Accelerating Toby’s learning is working as a Cadet Structural Drafter with Brisbane-based civil and structural engineering consultant firm Bornhorst+Ward, a full-time role he balances with his part-time studies.

“Andrew Bryant is my direct boss, overseeing six TAFE Queensland structural cadets who have almost finished their associate's degree.”

“He allows us to balance study and work by ensuring our work is flexible so we can attend classes while also sponsoring industry events to meet students and share industry knowledge and information,” said Toby.

“Everything I learn at TAFE directly relates to my job – for example, when engineers give me sketches and mark-ups for what I need to model, I understand where their numbers are coming from, which makes the process a lot easier,” explained Toby.

Toby is working on a significant project: the Logan Hospital Expansion (LEX), a new 7-storey building with new operating theatres and a public realm connecting to existing buildings on site.

“Utilizing an integrated Building Information Modelling (BIM) system, all the disciplines can coordinate across the life of the project and beyond.
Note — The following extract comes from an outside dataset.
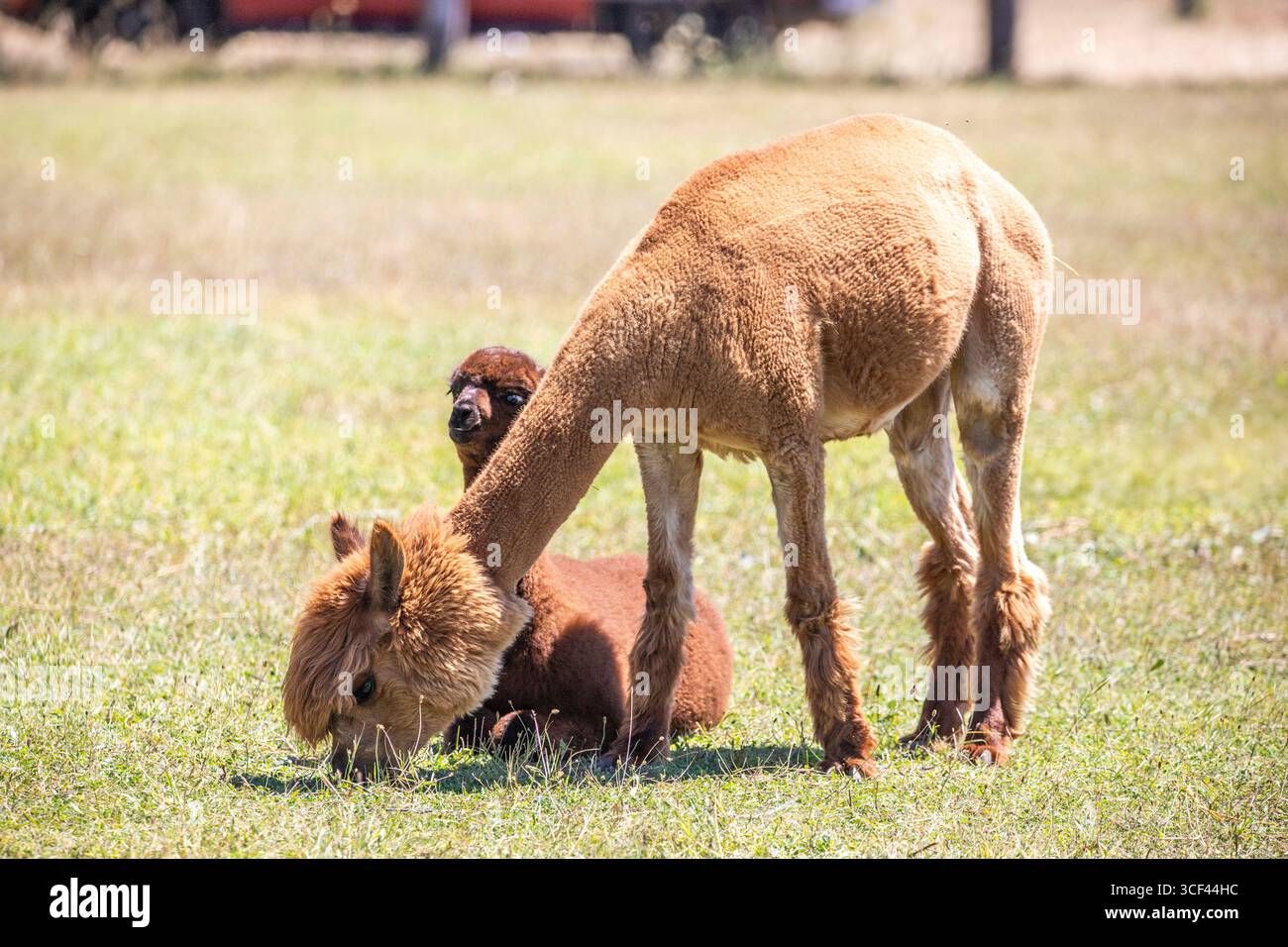 Un bambino di alpaca bruno con sua madre allo zoo di Siofok, lago Balaton, Ungheria Foto Stock Un bambino di alpaca bruno con sua madre allo zoo di Siofok, lago Balaton, Ungheria Foto Stock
This is especially useful for maintaining design efficiency and allowing the client at handover to access valuable data for maintenance purposes,” he explained.

The leap in skills required from fabricating balustrades, barricades, architectural handrails and safety fittings as a boilermaker to helping design a hospital is not lost on Toby, to which he credits his TAFE Queensland training.

“I started in fabrication and welding, and Once I had completed my Cert III in Engineering Technical, I began steel detailing workshop drawings for myself and other boilermakers to fabricate. Once I had completed my boilermaking apprenticeship, I moved into structural drafting to pursue a path in structural engineering.”

“Two years ago, I had very little hope of becoming an engineer, but thanks to the successful progression I'm experiencing in my classes, I'm very confident I’ll be a fully-fledged engineer bringing my designs to life here in Brisbane.”

“I’ve developed a way of thinking that leans into how to solve problems with engineering solutions, and engineering is 100% problem-solving. I'm more than confident that I'll be able to tackle my new career successfully,” concluded Toby.